GIVEN RECORDS
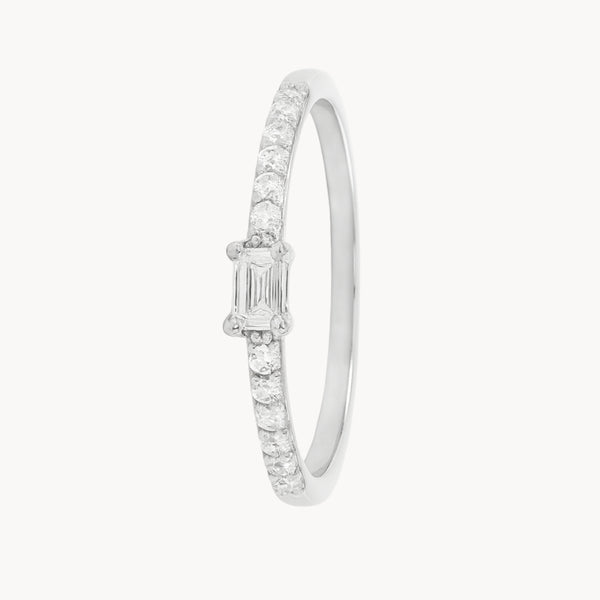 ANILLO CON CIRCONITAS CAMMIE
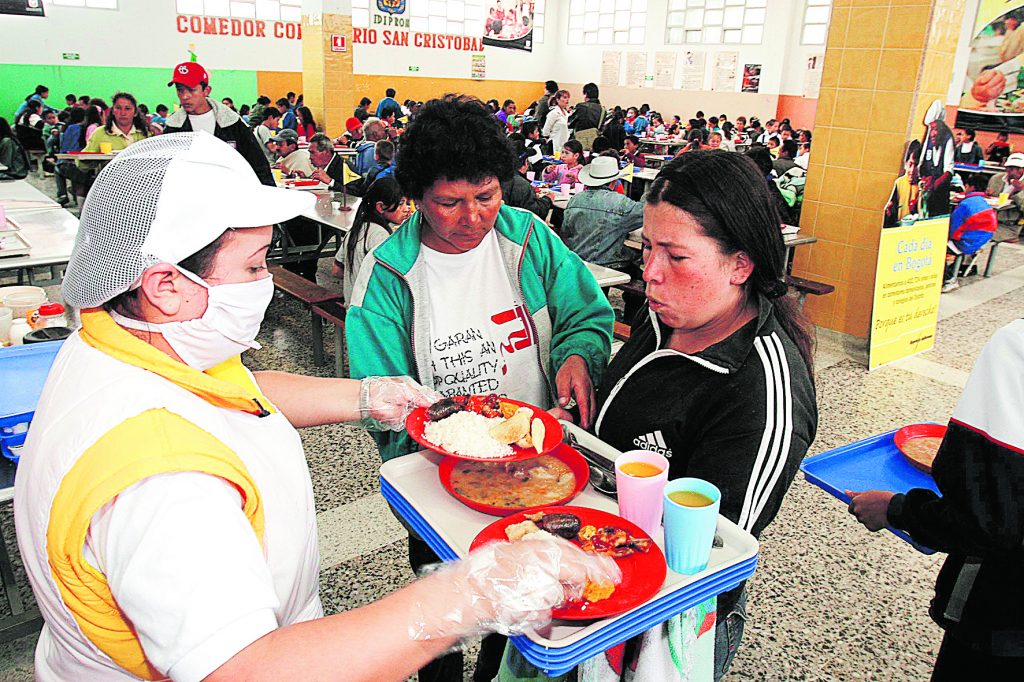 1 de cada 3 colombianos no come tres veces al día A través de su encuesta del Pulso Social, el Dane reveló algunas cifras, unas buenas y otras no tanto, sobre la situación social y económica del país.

--

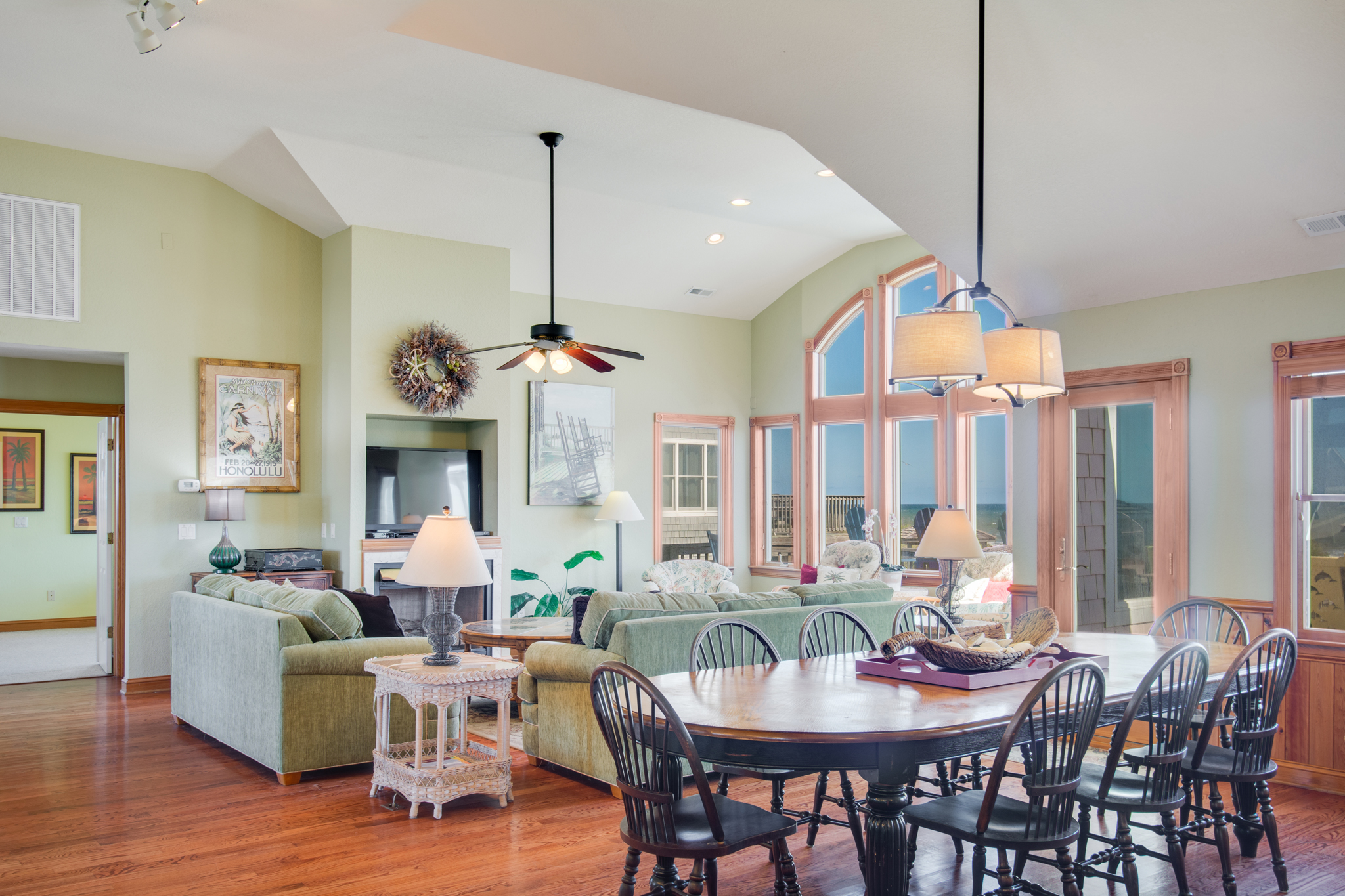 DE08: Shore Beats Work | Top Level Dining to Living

WORK TO COMPLETE
Look back at the data above, then output exactly the lines from the line holding "ANILLO CON CIRCONITAS CAMMIE" up to and including the line holding "1 de cada 3". Leave out the pictures.

RESULT OF THE EXERCISE
 ANILLO CON CIRCONITAS CAMMIE
 1 de cada 3 colombianos no come tres veces al día A través de su encuesta del Pulso Social, el Dane reveló algunas cifras, unas buenas y otras no tanto, sobre la situación social y económica del país.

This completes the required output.